In what is shaping up as Kenya’s largest corporate transaction in years, Vodafone Kenya will pay $1.57 billion to acquire 15% of Safaricom from the Kenyan government, pushing its total stake to 55% and giving it majority control of East Africa’s most profitable company for the first time since the telecom giant went public in 2008.
The deal values Safaricom shares at KES 34 each, roughly 33.9% above their six-month trading average on the Nairobi Securities Exchange.
That’s a healthy premium for a government facing serious budget pressures and looking for quick cash without raising taxes or adding debt.

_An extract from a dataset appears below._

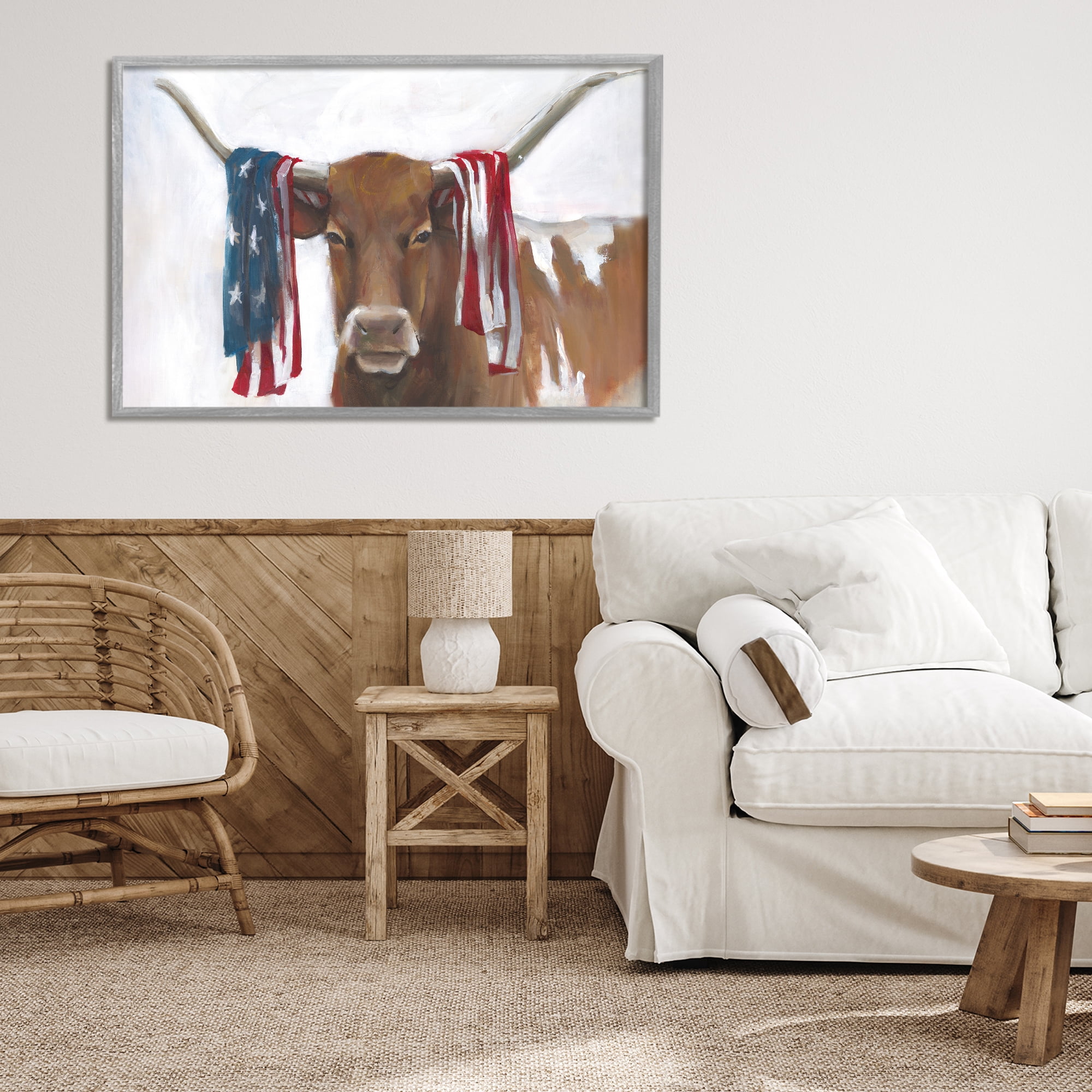 Stupell Industries Patriotic Longhorn with Flag Gray Framed Giclee Art, design by White Ladder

Here’s how the ownership will shake out: Vodafone Kenya jumps from 39.9% to 55%, the government drops from 35% to 20%, and public investors keep their 25%. The transaction involves some corporate shuffling too.
Vodacom Group, the South African telecom operator that already owns 87.5% of Vodafone Kenya, will buy out the remaining shareholders to take full control. This restructuring adds another 5% indirect stake in Safaricom to the mix.

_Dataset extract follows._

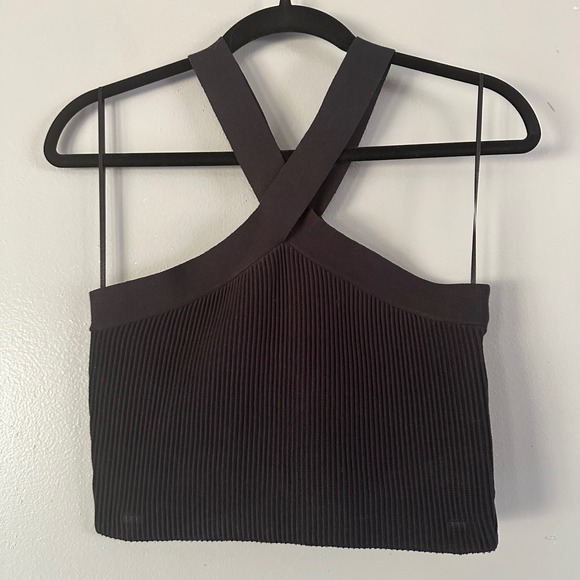 Love Tree Tops - Love Tree Ribbed Crossover Halter Crop Top | Black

In addition, Vodafone Kenya is also paying the government an additional $309 million upfront for the rights to future Safaricom dividends that would have gone to the state’s remaining 20% stake.
That’s essentially letting the treasury cash out years of dividend payments now instead of waiting for annual checks. Total cash flowing to Kenya’s government: $1.89 billion.
For context, Safaricom paid out $379 million in dividends last fiscal year alone. The company dominates Kenya’s telecom landscape with a 65% customer market share and controls 91% of the mobile money market through M-PESA, which processes over 100 million transactions daily. It’s worth about $8.7 billion and serves 62 million customers across Kenya and Ethiopia.
The government is framing this as smart fiscal management, allowing it to raise capital at above-market prices without borrowing or taxing.
READ: Kenya Plans Mega Sale of Safaricom Shares to Raise Over a Billion Dollars
These proceeds are earmarked for infrastructure projects in energy, roads, water, and airports. For Vodacom, it’s a bet on Safaricom’s growth story and a way to consolidate its fintech capabilities across the region, especially the wildly successful M-PESA platform.
However, there are some regulatory hurdles that still need to be overcome. Kenyan takeover rules say that anyone crossing the 50% ownership threshold must make an offer to buy out minority shareholders.
Vodafone Kenya plans to apply for an exemption from the Capital Markets Authority, arguing this is a strategic investment tied to technical support and management, not a full takeover.
They’re committed to keeping Safaricom listed on the Nairobi exchange and have promised no merger-related job cuts for at least three years.
The deal still needs approval from multiple regulators in Kenya, Ethiopia, and South Africa, including Kenya’s Cabinet, Central Bank, National Assembly, and various competition authorities. If all goes smoothly, it should close in the first quarter of 2026.